Are you planning to do a lot of joinery and decorative profiles with your new router, or do you just need something for light trimming tasks? Laminate trimmers are small routers that can be operated with one hand. They’re designed to trim laminate and veneer, but can be used for a variety of other jobs.
For example, hobby CNC machines are usually equipped with laminate trimmers and are capable of routing signs, guitar bodies, templates, solid wood, plastic, and even non-ferrous metals like aluminum. A few manufacturers even make plunge bases for their laminate trimmers, which opens up even more possibilities like inlay work and mortising.
To turn your router into a joinery-making powerhouse, you’ll need a good router table. The router mounts in the table upside down, and instead of running the router over the workpiece, you run the workpiece over the router. You might be surprised at just how much this expands the tool’s capabilities.
Parts that are too small to work with a handheld router can be safely machined in a router table. You can install feather boards and hold-downs in the table to control the stock and produce more accurate cuts. Joints that would otherwise be impossible are easy: lock-miters, finger joints, cope-and-stick joints, and many others can be safely cut on the router table.

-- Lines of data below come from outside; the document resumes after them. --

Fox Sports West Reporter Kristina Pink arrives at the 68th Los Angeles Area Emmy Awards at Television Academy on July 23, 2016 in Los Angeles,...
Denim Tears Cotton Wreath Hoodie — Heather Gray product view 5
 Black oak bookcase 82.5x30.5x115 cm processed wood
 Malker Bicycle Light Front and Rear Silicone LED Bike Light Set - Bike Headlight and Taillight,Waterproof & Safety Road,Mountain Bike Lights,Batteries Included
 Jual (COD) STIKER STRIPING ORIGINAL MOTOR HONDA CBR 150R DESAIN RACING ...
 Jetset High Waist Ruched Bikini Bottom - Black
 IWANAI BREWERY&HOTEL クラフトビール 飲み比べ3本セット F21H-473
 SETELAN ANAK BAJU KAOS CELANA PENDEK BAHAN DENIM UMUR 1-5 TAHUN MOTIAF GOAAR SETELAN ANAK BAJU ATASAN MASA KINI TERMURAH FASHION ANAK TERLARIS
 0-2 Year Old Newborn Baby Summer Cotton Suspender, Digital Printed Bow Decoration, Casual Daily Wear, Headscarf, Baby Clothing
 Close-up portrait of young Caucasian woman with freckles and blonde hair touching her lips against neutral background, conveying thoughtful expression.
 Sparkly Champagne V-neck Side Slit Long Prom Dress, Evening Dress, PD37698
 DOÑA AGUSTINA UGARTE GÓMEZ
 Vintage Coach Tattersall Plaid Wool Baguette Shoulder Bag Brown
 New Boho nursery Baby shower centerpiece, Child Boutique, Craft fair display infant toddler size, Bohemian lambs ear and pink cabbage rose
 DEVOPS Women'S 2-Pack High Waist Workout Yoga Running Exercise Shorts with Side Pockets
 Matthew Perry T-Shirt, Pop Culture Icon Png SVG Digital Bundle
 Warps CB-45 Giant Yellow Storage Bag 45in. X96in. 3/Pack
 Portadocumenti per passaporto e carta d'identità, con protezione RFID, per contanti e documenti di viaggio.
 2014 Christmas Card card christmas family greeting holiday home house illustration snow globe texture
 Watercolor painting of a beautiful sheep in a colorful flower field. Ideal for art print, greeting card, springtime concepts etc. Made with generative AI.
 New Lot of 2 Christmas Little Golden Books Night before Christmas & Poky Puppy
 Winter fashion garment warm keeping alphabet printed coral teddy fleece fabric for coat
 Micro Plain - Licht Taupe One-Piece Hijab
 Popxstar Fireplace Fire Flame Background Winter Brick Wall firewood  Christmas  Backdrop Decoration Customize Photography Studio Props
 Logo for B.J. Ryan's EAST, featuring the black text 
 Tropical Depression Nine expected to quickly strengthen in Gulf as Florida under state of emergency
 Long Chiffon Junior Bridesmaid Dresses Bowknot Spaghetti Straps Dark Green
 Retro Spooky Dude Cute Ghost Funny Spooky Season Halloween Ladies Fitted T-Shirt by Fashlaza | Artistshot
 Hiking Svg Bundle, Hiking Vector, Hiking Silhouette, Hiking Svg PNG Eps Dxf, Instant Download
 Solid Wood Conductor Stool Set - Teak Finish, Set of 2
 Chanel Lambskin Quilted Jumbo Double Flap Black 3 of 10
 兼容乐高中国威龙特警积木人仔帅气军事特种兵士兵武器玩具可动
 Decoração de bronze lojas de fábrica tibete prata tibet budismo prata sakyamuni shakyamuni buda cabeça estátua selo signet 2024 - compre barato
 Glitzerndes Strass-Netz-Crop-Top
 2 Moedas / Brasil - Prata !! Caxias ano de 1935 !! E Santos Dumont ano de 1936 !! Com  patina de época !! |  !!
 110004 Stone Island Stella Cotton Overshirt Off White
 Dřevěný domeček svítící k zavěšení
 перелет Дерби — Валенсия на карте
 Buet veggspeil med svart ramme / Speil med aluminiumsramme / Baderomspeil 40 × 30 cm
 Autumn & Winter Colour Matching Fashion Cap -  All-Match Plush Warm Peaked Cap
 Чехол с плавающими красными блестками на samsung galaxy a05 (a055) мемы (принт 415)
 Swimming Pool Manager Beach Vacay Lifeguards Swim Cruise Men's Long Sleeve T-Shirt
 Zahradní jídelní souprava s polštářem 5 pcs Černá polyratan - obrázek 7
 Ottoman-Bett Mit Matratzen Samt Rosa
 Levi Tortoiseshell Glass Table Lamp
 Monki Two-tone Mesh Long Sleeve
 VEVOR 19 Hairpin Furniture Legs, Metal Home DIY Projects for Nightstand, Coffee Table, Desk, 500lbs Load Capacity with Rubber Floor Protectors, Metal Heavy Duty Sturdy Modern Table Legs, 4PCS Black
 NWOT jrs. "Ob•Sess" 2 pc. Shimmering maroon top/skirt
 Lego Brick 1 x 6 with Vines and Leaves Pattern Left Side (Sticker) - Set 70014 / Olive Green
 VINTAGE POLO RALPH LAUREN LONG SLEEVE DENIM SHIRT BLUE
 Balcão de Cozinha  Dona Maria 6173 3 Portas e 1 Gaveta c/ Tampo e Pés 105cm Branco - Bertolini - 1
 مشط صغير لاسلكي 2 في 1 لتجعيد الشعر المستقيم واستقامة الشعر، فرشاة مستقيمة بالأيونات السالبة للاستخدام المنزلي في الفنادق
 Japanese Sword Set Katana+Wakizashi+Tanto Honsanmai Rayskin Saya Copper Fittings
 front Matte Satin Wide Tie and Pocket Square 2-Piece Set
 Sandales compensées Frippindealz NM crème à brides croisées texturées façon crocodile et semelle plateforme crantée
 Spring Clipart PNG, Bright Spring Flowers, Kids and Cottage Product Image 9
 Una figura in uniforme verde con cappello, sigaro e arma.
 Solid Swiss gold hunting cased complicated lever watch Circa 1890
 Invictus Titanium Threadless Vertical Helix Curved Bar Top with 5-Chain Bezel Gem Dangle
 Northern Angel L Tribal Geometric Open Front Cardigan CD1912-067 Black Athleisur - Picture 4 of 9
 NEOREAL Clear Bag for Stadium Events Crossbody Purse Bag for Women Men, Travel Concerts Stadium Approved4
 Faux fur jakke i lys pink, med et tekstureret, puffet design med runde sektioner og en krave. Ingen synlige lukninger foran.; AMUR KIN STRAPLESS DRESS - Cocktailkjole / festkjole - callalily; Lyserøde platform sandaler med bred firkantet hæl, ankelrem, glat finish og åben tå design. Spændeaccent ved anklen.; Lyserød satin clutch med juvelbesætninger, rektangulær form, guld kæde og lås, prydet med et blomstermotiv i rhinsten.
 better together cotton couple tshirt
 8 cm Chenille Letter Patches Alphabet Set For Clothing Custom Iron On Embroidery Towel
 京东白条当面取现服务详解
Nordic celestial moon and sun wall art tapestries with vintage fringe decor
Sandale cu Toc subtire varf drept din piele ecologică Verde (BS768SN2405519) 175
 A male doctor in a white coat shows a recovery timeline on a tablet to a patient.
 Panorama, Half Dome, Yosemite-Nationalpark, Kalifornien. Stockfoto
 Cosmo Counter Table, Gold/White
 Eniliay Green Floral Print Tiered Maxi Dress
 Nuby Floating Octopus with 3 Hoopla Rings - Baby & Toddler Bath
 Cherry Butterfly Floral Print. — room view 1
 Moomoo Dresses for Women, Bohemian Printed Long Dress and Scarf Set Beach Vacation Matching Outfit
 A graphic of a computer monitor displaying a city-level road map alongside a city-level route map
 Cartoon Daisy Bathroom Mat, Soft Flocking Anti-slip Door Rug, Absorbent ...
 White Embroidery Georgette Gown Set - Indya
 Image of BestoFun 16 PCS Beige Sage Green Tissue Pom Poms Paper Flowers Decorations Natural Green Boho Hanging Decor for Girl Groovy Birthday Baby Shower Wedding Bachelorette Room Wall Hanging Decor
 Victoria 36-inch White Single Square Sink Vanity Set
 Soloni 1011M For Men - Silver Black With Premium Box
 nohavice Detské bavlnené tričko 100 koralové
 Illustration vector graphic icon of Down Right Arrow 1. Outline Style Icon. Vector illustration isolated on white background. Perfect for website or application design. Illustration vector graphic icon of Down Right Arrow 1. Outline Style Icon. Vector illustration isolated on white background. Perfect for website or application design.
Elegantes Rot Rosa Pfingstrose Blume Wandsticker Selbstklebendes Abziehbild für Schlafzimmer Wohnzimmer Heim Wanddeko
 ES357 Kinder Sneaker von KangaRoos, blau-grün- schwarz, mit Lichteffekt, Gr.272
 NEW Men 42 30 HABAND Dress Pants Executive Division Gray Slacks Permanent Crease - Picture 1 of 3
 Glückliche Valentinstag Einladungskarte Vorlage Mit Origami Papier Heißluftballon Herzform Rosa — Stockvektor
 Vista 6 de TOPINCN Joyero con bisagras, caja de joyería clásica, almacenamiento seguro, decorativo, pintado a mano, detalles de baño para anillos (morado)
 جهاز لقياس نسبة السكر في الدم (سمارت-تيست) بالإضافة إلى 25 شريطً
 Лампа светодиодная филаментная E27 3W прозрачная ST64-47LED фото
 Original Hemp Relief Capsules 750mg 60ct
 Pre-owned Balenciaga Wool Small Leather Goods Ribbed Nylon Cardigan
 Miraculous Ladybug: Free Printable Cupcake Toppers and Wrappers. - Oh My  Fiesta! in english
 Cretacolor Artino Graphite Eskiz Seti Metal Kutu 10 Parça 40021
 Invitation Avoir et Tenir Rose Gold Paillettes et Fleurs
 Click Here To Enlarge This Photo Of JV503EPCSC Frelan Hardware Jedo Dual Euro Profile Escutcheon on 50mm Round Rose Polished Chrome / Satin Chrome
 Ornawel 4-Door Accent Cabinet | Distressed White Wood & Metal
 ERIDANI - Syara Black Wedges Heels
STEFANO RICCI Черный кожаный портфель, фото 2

When shopping for a router table, look for something with a split fence. This means that the fence can be adjusted on either side of the bit, allowing you to increase or decrease the opening size according to the bit diameter. You don’t want a big gap between the bit and the fence, which could allow chunks of material to get stuck during operation, so get something that can be adjusted to provide the smallest gap possible.
Kreg, MLCS Woodworking, Bench Dog, and Woodpeckers make excellent router tables and fences. Some of their products can be expensive, depending on the options you choose to include. To get started, a simple phenolic or laminated table and the split fence should be just fine. In fact, many commercial woodworking shops never use anything fancier. But, if you do want all the bells and whistles like a micro-adjustable fence and above-the-table router lift, go for it. Just know that you’re going to spend as much as $1000.
For a less-expensive option, you can build your own router table. All you need is a flat piece of material like MDF or particleboard for the surface and fence, plus some 2x4s for the stand. To minimize friction, apply plastic laminate to the tabletop and fence. You can find dozens of plans for router tables online. If you have some basic tools like a miter saw and a drill, you should easily be able to build your own router table.
When selecting your first router, look for the best combination of features, durability, and price. Most of the professional-grade routers are comparable in quality and will come with both ¼” and ½” collets. Before purchasing a model designed for hobbyists like a Craftsman or Skil, make sure it doesn’t take only ¼” bits unless you’re sure you won’t ever need anything larger.
To get the most out of your router, you’ll probably want variable speed and a plunge base. The fixed/plunge base kits are great options that can save you a little money.
Professional woodworkers usually work with Porter-Cable, DeWalt or Bosch routers, so you can be confident that anything from these manufacturers should be able to handle your woodworking projects.
Finally, if you’re looking for a recommendation for the best overall value in a router, check out the DeWalt DW618K fixed/plunge kit mentioned above. You can’t beat the combination of power and features. It also comes with an adapter for Porter-Cable style guide bushings, a handy accessory for template work.